We should follow the example being given to us by the Salt Lake Temple renovation and take time to evaluate our own spiritual seismic engineering to make sure it is up to date. Periodic self-assessment, coupled with asking the Lord, “What lack I yet?”9 can help each of us contribute to the building of a finest home.
Fourth, the finest homes are refuges from the storms of life. The Lord has promised that those who keep the commandments of God “prosper in the land.”10 God’s prosperity is the power to press forward despite the problems of life.
In 2002 I learned an important lesson about problems. While in Asunción, Paraguay, I met with the city’s stake presidents. At that time, Paraguay faced a terrible financial crisis, and many Church members were suffering and unable to make ends meet. I had not been to South America since my mission and had never been to Paraguay. I had been serving in that Area Presidency for only a few weeks. Apprehensive about my inability to give guidance to those stake presidents, I asked them to tell me only what was going well in their stakes. The first stake president told me about things that were going well. The next mentioned things that were going well and a few problems. By the time we got to the last stake president, he mentioned only a series of vexing challenges. As the stake presidents explained the magnitude of the situation, I grew increasingly concerned, nearly desperate, about what to say.
Just as the last stake president was finishing his comments, a thought came into my mind: “Elder Clayton, ask them this question: ‘Presidents, of the members in your stakes who pay a full tithing, pay a generous fast offering, magnify their callings in the Church, actually visit their families as home teachers or visiting teachers11 every month, hold family home evening, study the scriptures, and hold family prayer each day, how many have problems they cannot address on their own without the Church having to step in and solve their problems for them?’”
Responsive to the impression I had received, I asked the stake presidents that question.
They looked at me in surprised silence and then said, “Pues, ninguno,” meaning, “Well, no one.” They then told me that none of the members who did all of those things had problems they were incapable of resolving on their own. Why? Because they lived in the finest homes. Their faithful living provided them the strength, vision, and heavenly help they needed in the economic turmoil that surrounded them.
This doesn’t mean the righteous won’t become ill, suffer accidents, face business reversals, or confront many other difficulties in life. Mortality always brings challenges, but time after time I have seen that those who strive to obey the commandments are blessed to find their way forward with peace and hope. Those blessings are available to everyone.12
David declared, “Except the Lord build the house, they labour in vain that build it.”13 Wherever you live, whatever your house looks like, and whatever the composition of your family, you can help build the finest home for your family. The restored gospel of Jesus Christ provides the plans for that home. The Savior is the perfect engineer, builder, and interior designer. His project is the perfection and eternal joy of our souls. With His loving help, your soul can be all He wants it to be and you can be the finest version of yourself, prepared to establish and live in a finest home.

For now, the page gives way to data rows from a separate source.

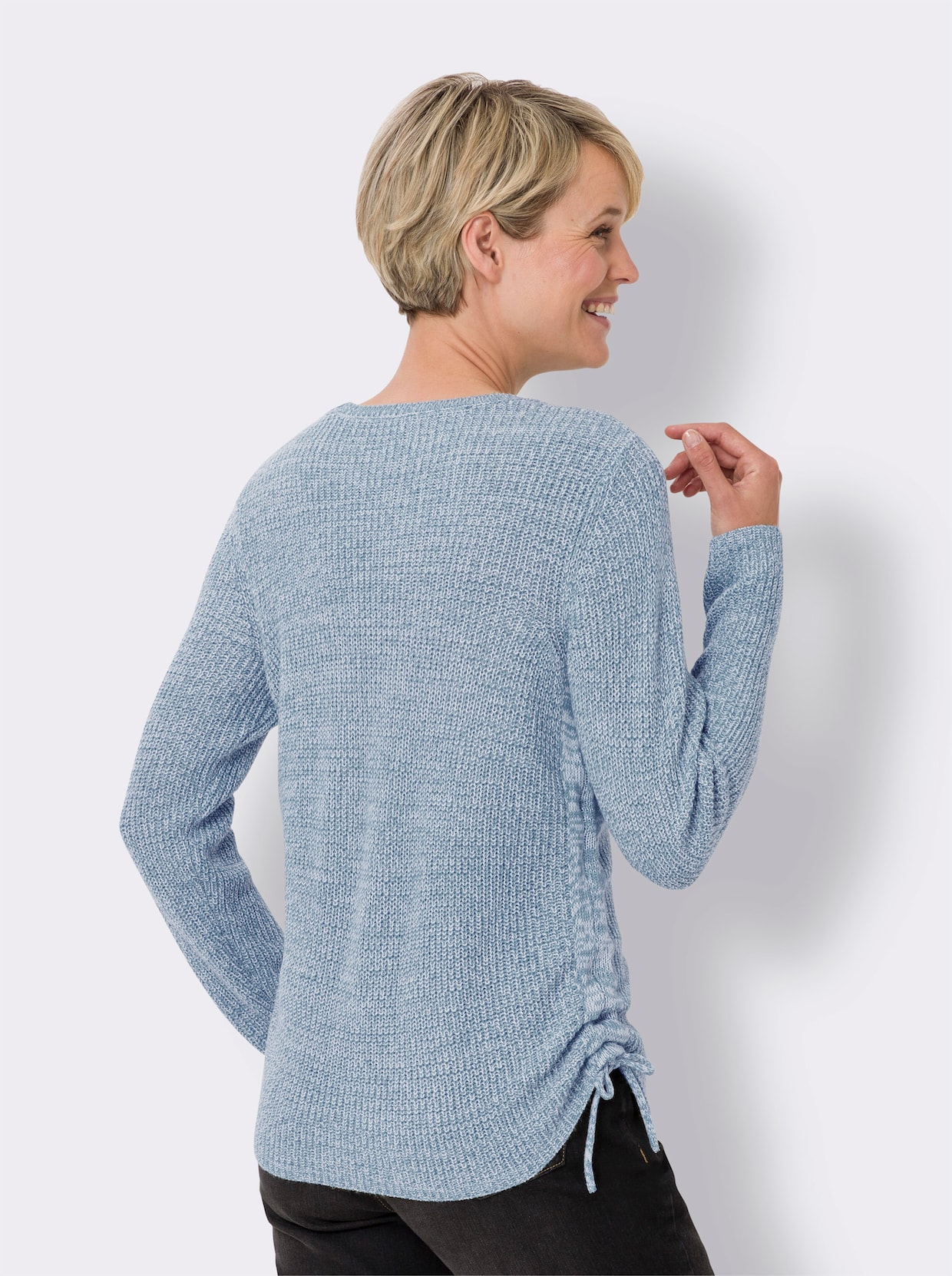 Gebreide pullover - ijsblauw/ecru gemêleerd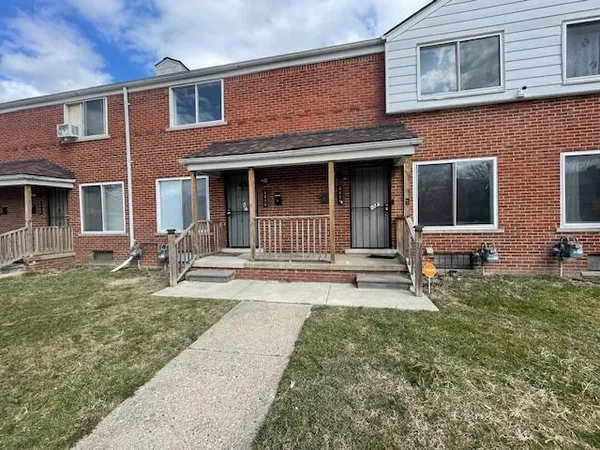 $999 | 3453 Ewald Circle, Detroit, MI 48204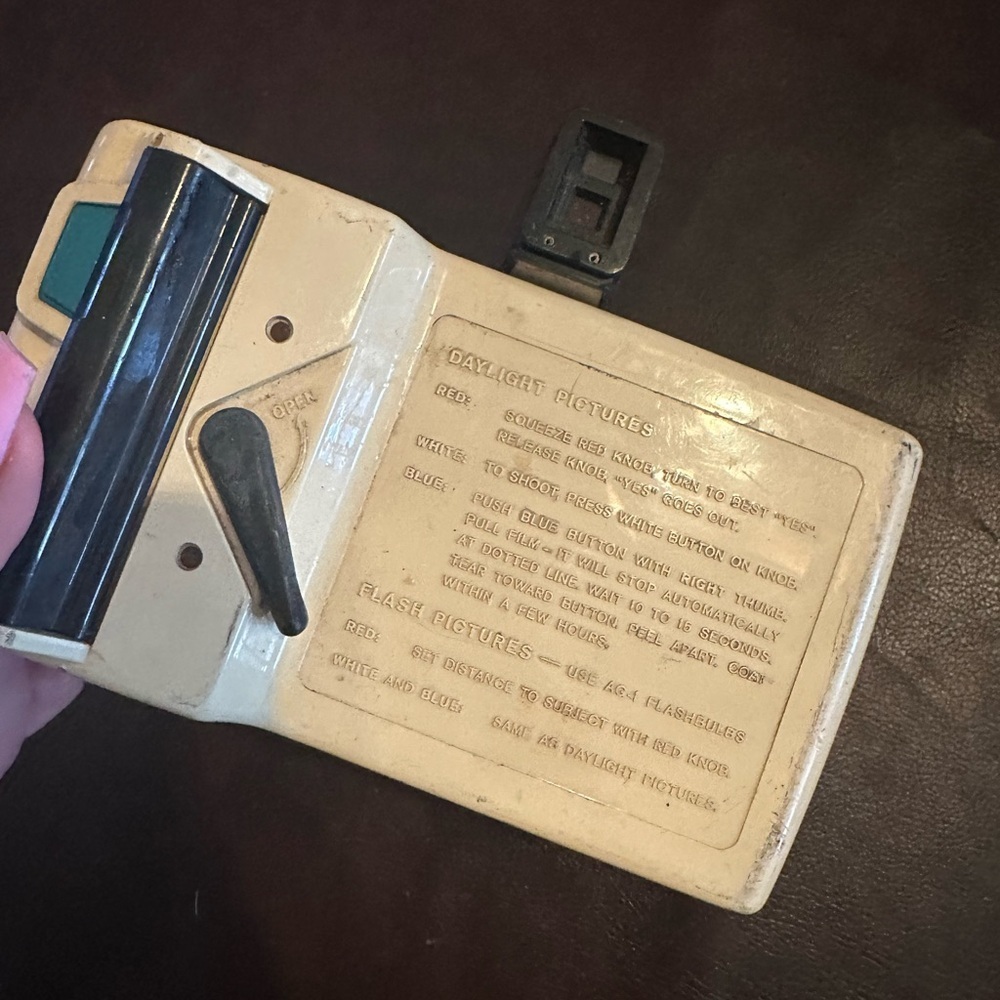 Vintage Polaroid camera - Picture 7 of 9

I gratefully testify that the God and Father of us all lives. His Son, the Lord Jesus Christ, is the Savior and Redeemer of all mankind. They love us perfectly. The Church of Jesus Christ of Latter-day Saints is the Lord’s kingdom on earth. Living prophets and apostles guide it today. The Book of Mormon is true. The restored gospel of Jesus Christ is the perfect blueprint for establishing finest homes. In the name of Jesus Christ, amen.